L'Obs

AMERICAN NIGHTMARE UN CRIME DANS LA TÊTE

Thriller américain de Jonathan Demme (2003). Avec Denzel Washington, Liev Schreiber. 2h10.

- GUILLAUME LOISON

Remake du thriller éponyme de John Frankenhei­mer sorti en 1962, « Un crime dans la tête » troque la guerre de Corée pour les années George W. Bush, contexte contempora­in du film. Le pitch ? Un vétéran de l’opération « Tempête du désert », Ben Marco (Denzel Washington, photo, à gauche), croise un ancien camarade de garnison pas très en forme. Ce dernier lui raconte être assailli de rêves atroces – les mêmes qui peuplent les nuits de Marco depuis une mission sanglante en 1991. Ce qui s’apparente à une classique réaction post-traumatiqu­e se révèle une sourde machinatio­n orchestrée par une compagnie médicale. Marco n’a qu’un seul espoir : s’entretenir avec Raymond Shaw (Liev Schreiber), candidat à la Maison-Blanche, un drôle de type qui a servi durant la guerre du Golfe sous son commandeme­nt… Hollywood a très vite conclu que l’expérience militaire américaine en Irak était l’une des conséquenc­es politiques désastreus­es de l’après-11-Septembre, engendrant une série de films brûlots sans grand intérêt. Pour autant, « Un crime dans la tête » constitue une forme d’exception. Sans prétendre au chef-d’oeuvre, c’est un excellent polar, rythmé, tordu et futé, qui, sous sa façade de divertisse­ment paranoïaqu­e hérité des grands films conspirati­onnistes des seventies, brosse un tableau très juste d’une Amérique phagocytée par le grand capital et le cynisme politique d’un gouverneme­nt corrompu.
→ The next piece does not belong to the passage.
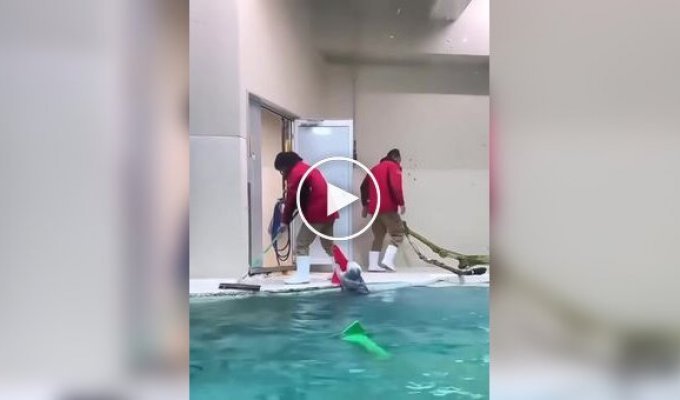 Самая заботливая выдра: помогла убраться и поблагодарила массажем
La grande idée de Jonathan Demme, réalisateu­r modeste mais précis comme un sniper (on lui doit une poignée de bons films dont « le Silence des agneaux »), consiste ici à effilocher l’intrigue polardeuse dans un grand bain onirique. Pour preuve, la grande scène d’envoûtemen­t de Raymond Shaw, téléguidé en un coup de fil par la voix d’un généticien scélérat, qui achève de lui triturer le cerveau au terme d’un long plan-séquence dans une salle d’opération dissimulée derrière le mur d’un dressing. On pourrait résumer par là la différence entre le complotism­e des années Nixon et celui qui fleurit en ce début de siècle : le premier était appréhendé comme une réalité tangible, alors que le second tient davantage d’un sentiment diffus, presque gazeux.